Pour les mêmes motifs, la mise en œuvre de l’expertise requise par le recourant n’apparaît pas de nature à apporter un éclairage différent des éléments retenus ci-dessus et peut dès lors être écartée par appréciation anticipée des preuves (ATF 137 III 208 consid. 2.2 ; 135 II 286 consid. 5.1).
a) Au vu de ce qui précède, il convient en définitive d’admettre partiellement le recours, en ce sens que le recourant a droit aux prestations de l’assurance-accidents jusqu’au 5 mars 2017.
b) Il n’y a pas lieu de percevoir de frais judiciaires, la procédure étant gratuite (art. 61 let. a LPGA).
c) Le recourant, qui obtient partiellement gain de cause avec l'assistance d'un mandataire professionnel, a droit à des dépens réduits, qu'il convient de fixer à 500 fr. (art. 61 let. g LPGA, art. 10 et 11 TFJDA [tarif du 28 avril 2015 des frais judiciaires et des dépens en matière administrative ; RSV 173.36.5.1]) et de mettre à la charge de l’intimée.
Par ces motifs, la Cour des assurances sociales prononce :
I. Le recours est partiellement admis.
II. La décision sur opposition rendue le 4 juillet 2017 par la Caisse nationale suisse d’assurance en cas d’accidents est réformée, en ce sens que F.________ a droit aux prestations de l’assurance-accidents jusqu’au 5 mars 2017.
III. Il n’est pas perçu de frais judiciaires.

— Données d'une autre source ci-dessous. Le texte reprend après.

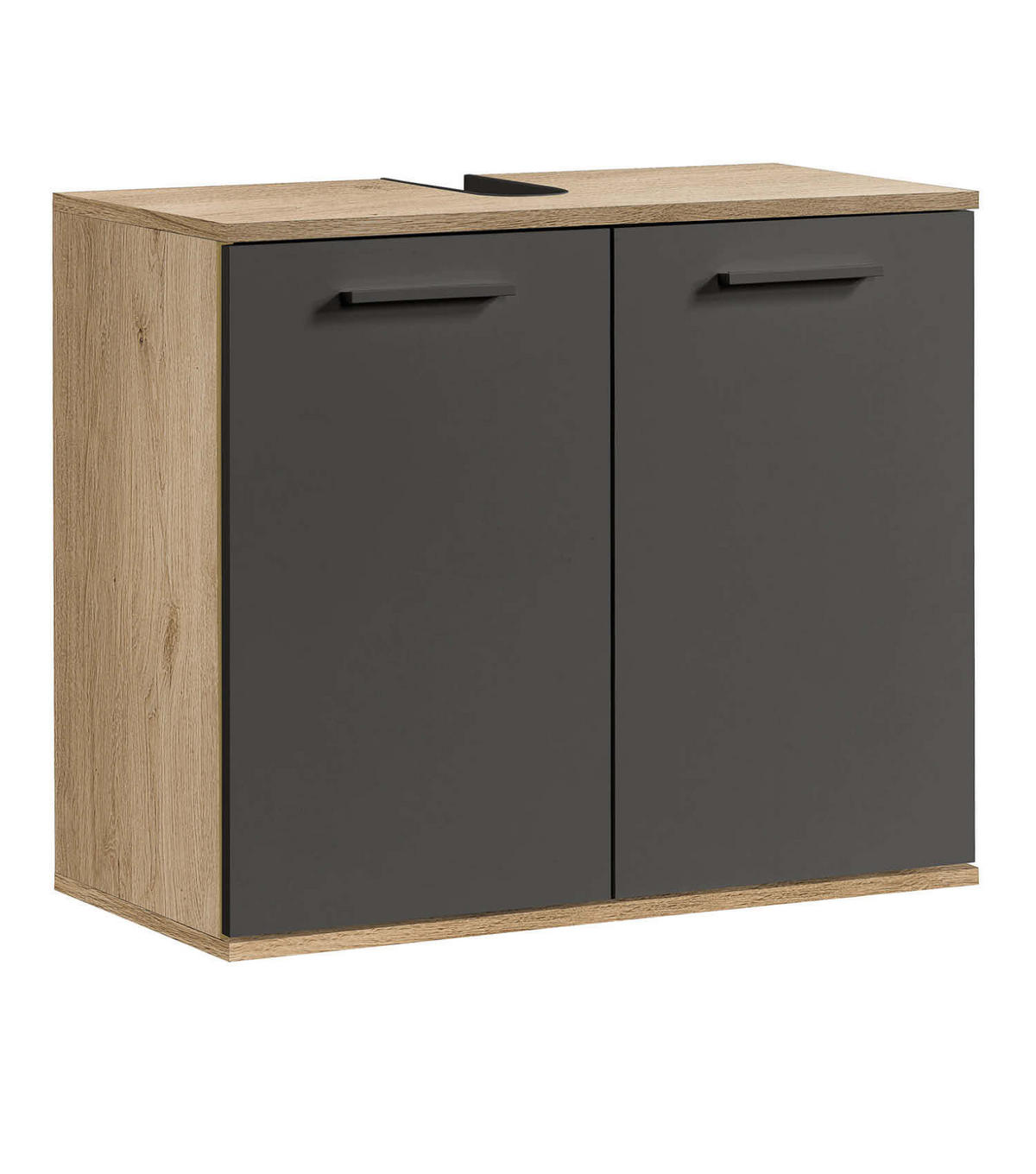 WASCHBECKENUNTERSCHRANK Der Waschbär - Anthrazit, Holzwerkstoff (70/60/34cm) - Mokebo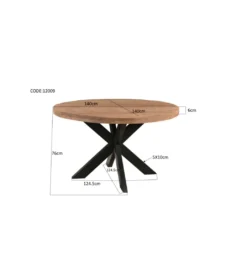 Stół STUDY 120 cm drewno mango*LF-Design Online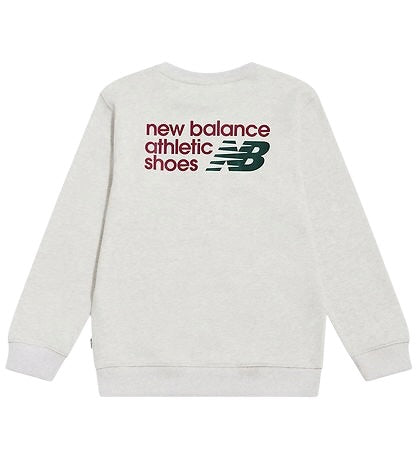 Felpa grigio chiaro per bambini New Balance YT62L7E4 AHH 
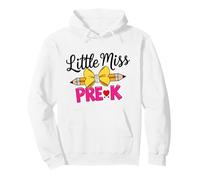 Little Miss Pre K Crayon Noeud pour Fille Premier Jour de PRE-K Sweat à Capuche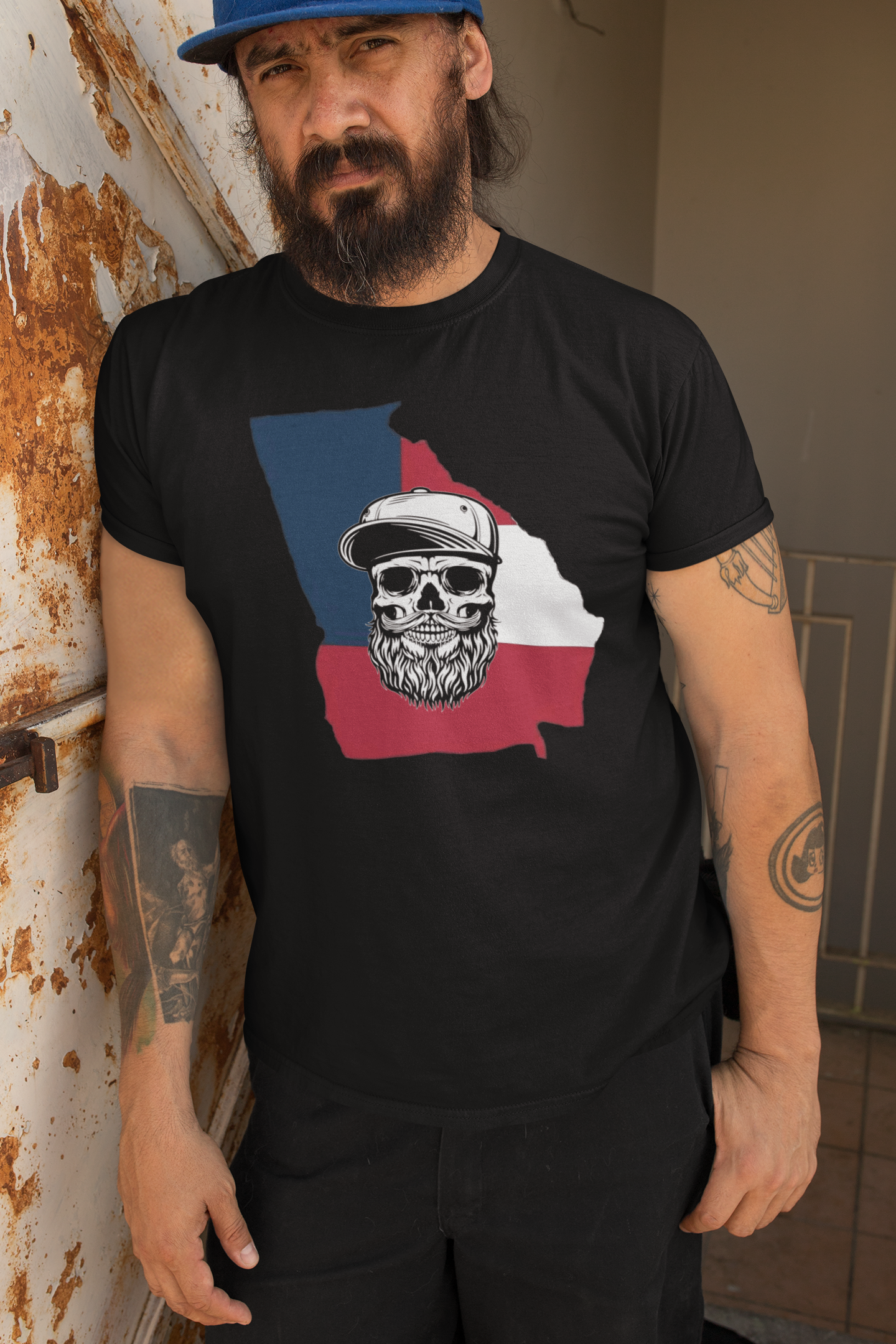 Rugged Veterans Beard Vibes T-Shirt – Show Your Rugged Veterans State Beard Pride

IV. La Caisse nationale suisse d’assurance en cas d’accidents versera à F.________ une indemnité de 500 fr. (cinq cents francs) à titre de dépens.
Le président : La greffière :
Du
L'arrêt qui précède, dont la rédaction a été approuvée à huis clos, est notifié à :
‑ Protekta, Assurance de protection juridique SA (pour F.________), ‑ Caisse nationale suisse d’assurance en cas d’accidents, ‑ Office fédéral de la santé publique,
par l'envoi de photocopies.
Le présent arrêt peut faire l'objet d'un recours en matière de droit public devant le Tribunal fédéral au sens des art. 82 ss LTF (loi du 17 juin 2005 sur le Tribunal fédéral ; RS 173.110), cas échéant d'un recours constitutionnel subsidiaire au sens des art. 113 ss LTF. Ces recours doivent être déposés devant le Tribunal fédéral (Schweizerhofquai 6, 6004 Lucerne) dans les trente jours qui suivent la présente notification (art. 100 al. 1 LTF).